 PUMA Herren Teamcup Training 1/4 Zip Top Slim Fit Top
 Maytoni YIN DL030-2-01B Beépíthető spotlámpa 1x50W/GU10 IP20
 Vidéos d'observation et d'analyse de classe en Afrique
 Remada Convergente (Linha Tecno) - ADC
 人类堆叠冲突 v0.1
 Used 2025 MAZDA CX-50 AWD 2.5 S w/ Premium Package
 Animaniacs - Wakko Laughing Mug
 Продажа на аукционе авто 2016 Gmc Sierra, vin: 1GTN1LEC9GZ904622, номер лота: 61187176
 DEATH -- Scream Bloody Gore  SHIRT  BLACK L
--
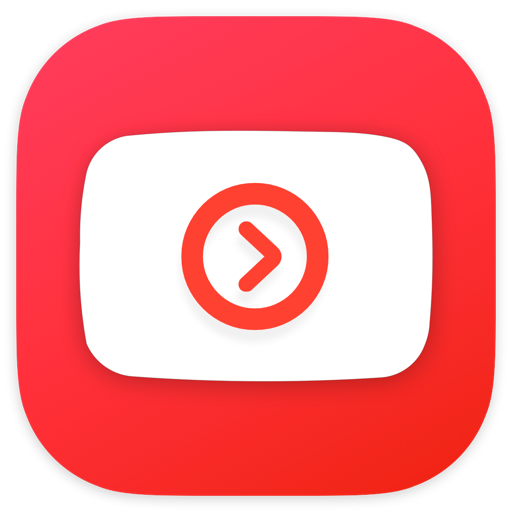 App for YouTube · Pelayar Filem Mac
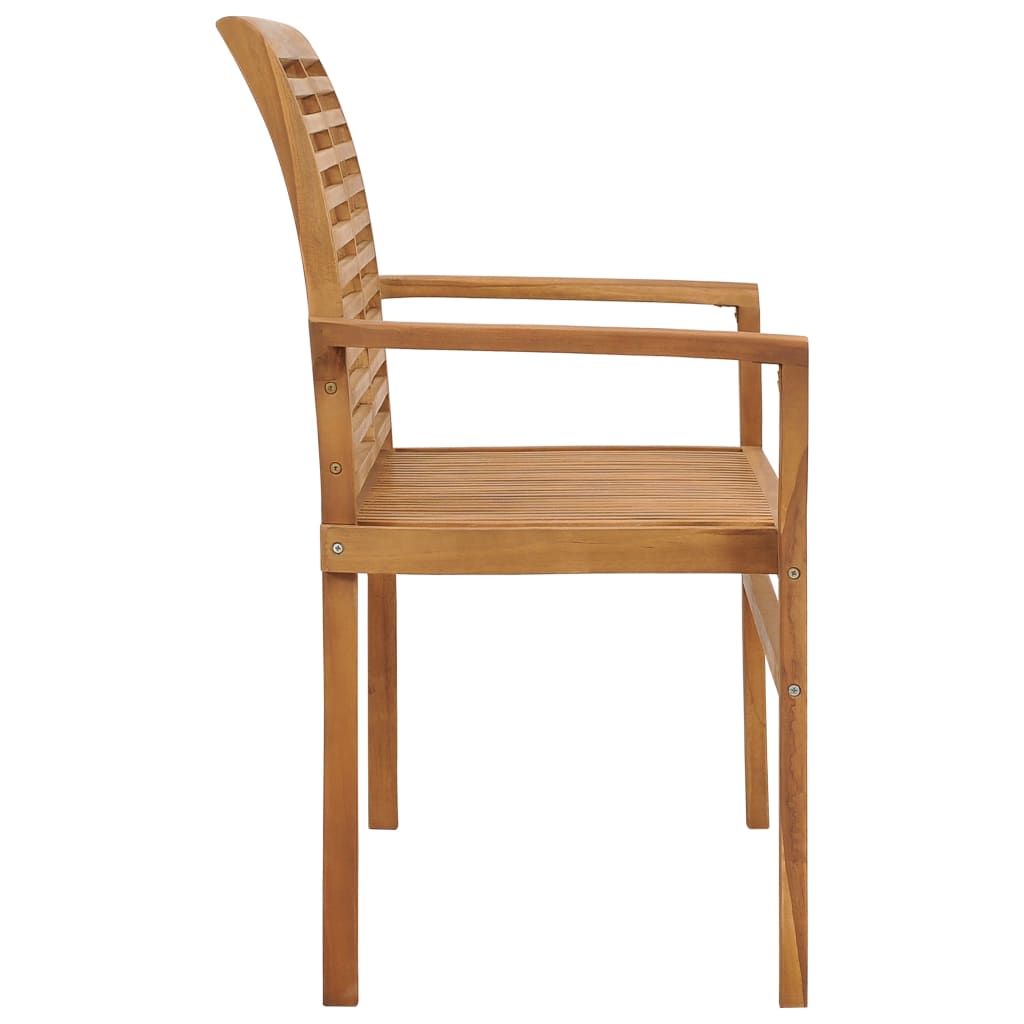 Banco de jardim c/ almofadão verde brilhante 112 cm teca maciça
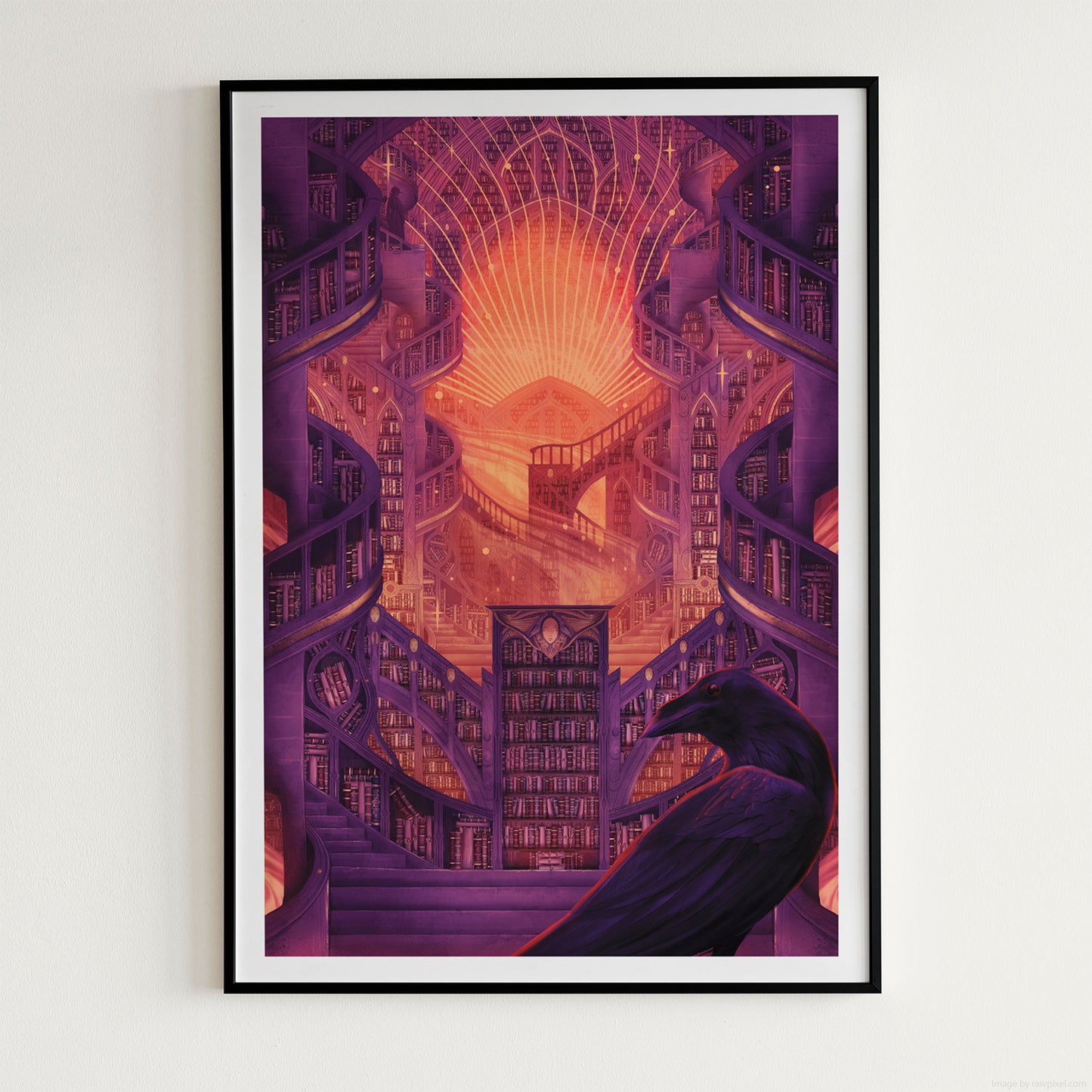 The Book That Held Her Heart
...
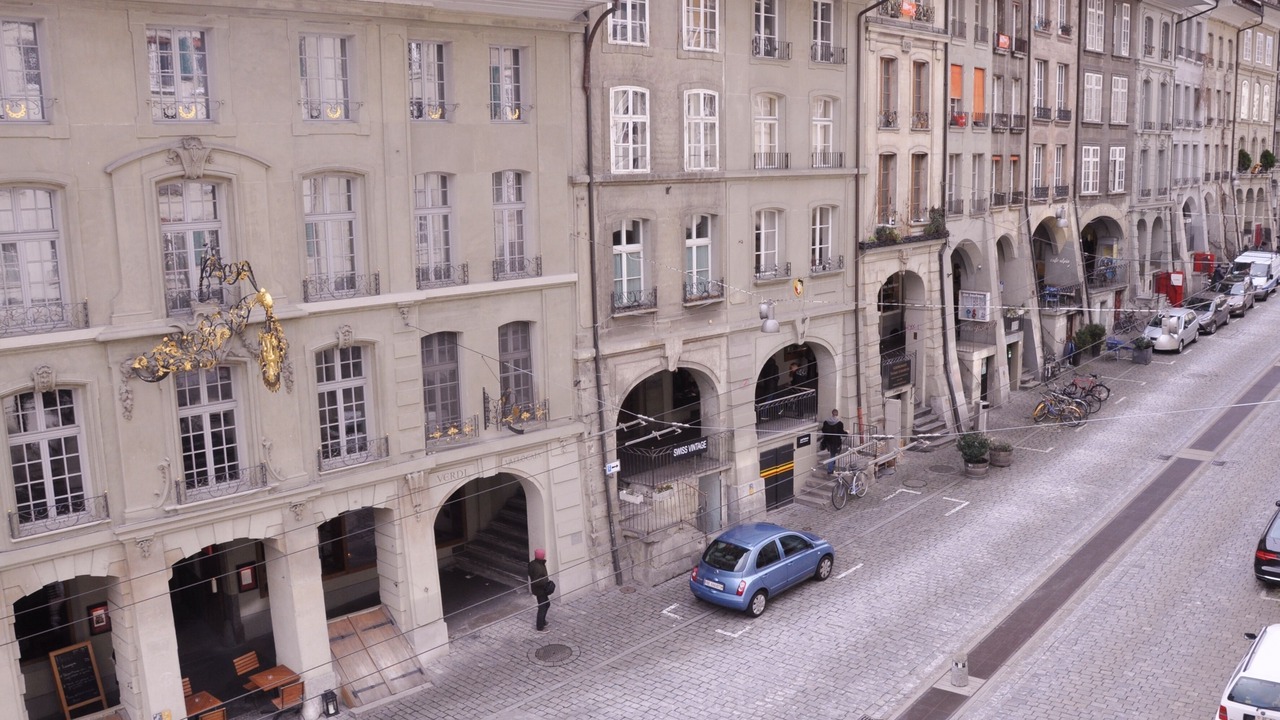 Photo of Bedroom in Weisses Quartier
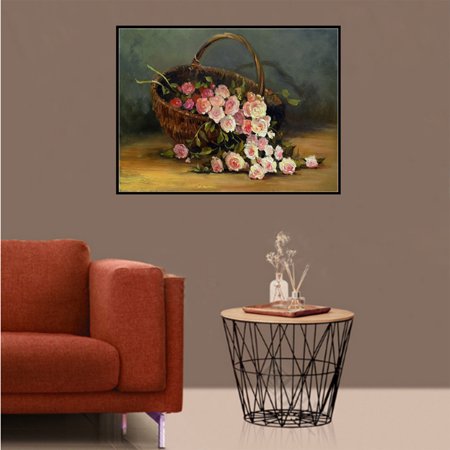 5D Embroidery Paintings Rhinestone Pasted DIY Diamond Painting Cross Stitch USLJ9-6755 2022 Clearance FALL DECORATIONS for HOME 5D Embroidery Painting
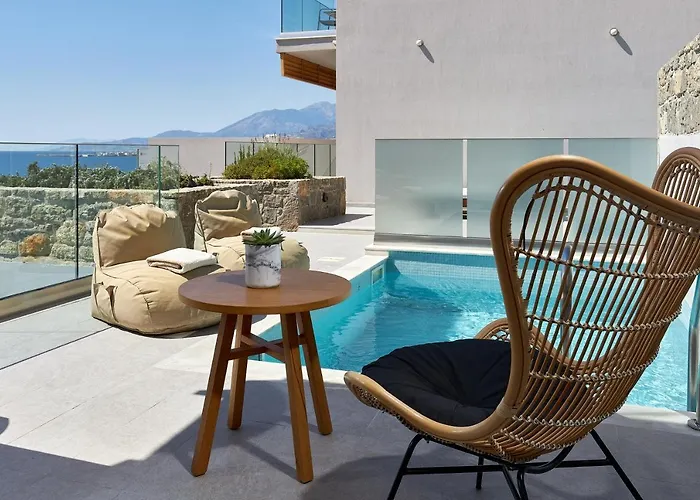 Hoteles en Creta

_TASK DETAILS_: The expected output is exactly the lines of the listing above between the line holding "人类堆叠冲突 v0.1" and the line holding "DEATH -- Scream", inclusive.

_SOLUTION_:
 人类堆叠冲突 v0.1
 Used 2025 MAZDA CX-50 AWD 2.5 S w/ Premium Package
 Animaniacs - Wakko Laughing Mug
 Продажа на аукционе авто 2016 Gmc Sierra, vin: 1GTN1LEC9GZ904622, номер лота: 61187176
 DEATH -- Scream Bloody Gore  SHIRT  BLACK L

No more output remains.